Andy Cox had every reason to believe the Major League Baseball draft would be a three-day process for him. The Tennessee senior left-hander figured someone would give him an opportunity to play professional baseball, but he didn’t expect it to come in the first 10 rounds.

But he received a call on Friday afternoon that told him things would move much faster than he expected.

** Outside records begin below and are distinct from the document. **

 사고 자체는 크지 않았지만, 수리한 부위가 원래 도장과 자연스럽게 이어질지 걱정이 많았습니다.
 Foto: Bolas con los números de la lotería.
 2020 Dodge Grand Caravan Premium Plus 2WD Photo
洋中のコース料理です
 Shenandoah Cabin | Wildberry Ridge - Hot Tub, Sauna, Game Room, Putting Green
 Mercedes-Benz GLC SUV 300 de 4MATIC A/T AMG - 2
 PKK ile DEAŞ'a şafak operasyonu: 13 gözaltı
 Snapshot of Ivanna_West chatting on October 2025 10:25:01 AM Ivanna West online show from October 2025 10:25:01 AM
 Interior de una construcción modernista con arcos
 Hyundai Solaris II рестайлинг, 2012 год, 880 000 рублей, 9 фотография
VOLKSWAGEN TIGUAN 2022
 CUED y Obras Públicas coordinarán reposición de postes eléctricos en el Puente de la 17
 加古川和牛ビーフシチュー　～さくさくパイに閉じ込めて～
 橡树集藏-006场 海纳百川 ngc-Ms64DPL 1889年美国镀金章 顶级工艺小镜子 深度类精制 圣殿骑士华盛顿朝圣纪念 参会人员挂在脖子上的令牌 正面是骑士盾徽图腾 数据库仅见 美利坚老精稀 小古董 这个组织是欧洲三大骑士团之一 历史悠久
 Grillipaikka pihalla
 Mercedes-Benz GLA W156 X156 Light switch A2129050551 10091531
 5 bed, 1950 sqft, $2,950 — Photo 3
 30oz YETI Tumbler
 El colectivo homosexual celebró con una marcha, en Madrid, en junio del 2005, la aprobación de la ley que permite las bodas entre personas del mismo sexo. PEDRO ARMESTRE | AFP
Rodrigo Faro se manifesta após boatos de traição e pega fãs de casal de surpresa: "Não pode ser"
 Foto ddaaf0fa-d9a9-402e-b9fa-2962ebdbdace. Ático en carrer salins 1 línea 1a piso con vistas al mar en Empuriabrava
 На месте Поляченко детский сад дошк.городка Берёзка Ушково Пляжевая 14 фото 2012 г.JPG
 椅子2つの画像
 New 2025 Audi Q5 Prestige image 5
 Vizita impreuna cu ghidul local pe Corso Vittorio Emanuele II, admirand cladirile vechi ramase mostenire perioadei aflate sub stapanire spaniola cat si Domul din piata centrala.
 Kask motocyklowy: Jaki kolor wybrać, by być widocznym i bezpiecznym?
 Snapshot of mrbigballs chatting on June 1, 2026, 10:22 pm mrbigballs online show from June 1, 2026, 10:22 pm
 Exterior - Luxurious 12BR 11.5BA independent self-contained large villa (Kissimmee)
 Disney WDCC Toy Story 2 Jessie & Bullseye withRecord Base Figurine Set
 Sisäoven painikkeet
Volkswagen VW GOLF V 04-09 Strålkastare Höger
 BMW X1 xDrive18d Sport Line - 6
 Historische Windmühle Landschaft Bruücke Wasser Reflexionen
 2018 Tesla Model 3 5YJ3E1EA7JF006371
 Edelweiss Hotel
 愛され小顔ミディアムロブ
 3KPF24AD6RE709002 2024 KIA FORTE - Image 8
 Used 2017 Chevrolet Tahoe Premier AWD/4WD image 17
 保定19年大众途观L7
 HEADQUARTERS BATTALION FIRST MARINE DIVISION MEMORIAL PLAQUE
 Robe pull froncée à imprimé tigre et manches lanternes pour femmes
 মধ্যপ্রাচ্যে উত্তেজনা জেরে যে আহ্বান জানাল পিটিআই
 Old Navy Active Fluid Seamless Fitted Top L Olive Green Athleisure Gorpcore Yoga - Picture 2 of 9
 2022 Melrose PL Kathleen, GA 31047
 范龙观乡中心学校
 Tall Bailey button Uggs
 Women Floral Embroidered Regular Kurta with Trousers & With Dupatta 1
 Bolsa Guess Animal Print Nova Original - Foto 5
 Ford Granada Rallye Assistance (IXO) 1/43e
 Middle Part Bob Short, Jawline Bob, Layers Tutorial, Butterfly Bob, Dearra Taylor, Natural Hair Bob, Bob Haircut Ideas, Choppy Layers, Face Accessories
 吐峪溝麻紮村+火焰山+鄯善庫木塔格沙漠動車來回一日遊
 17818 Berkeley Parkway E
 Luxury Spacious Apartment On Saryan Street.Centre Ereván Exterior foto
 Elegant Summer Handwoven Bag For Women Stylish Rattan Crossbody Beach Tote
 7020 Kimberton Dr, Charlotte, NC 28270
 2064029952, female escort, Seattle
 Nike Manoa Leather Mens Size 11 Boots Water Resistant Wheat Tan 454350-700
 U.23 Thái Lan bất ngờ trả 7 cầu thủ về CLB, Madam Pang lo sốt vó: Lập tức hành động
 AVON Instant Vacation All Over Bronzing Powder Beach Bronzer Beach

“It was pretty surprising and shocking,” Cox said. “The Reds, I haven’t talked to the Reds all season. … The Reds scout called me in like the fourth round and he was just like, ‘I have you on my top senior list. I’ll call you back again. We’re going to most likely take you. No guarantee.’ I was like, ‘OK, sounds good.’ Then in the fifth, sixth round they called me again and said. ‘We’re going to take you next round.’ I was in complete shock. I couldn’t believe it. I didn’t expect to go that high. I was just praying for an opportunity no matter where it was.”

The Reds came through and picked Cox in the seventh round, 30 rounds higher than he went last season to the Oakland Athletics before he decided to return for his senior season.

Cox said he had been getting calls from the Cubs, Indians, Brewers, Giants, Tigers and Mariners but not the Reds. However, he said both he and the scout who signed him were excited that he and third baseman Nick Senzel would be in the same organization.

“When I found out the Reds were going to take me, I called Nick,” Cox said. “We were just so pumped for each other knowing that we get to be teammates again and see each other grow through this journey.”

Cox said he doesn’t know if the Reds want him to be a starter or a reliever at the next level, but he knows he has to improve his control after a 3-6 season in which he posted a 6.72 ERA, walking 50 batters but striking out 66.

“I just think throwing more strikes and just keeping the mentality that I know I deserve to be there,” Cox said. “A change-up, if I’m starting, a key change-up would be nice, but if I’m out of the bullpen, I can live off of two pitches, especially if it’s a lefty specialist kind of thing. But just throwing strikes and having fun.”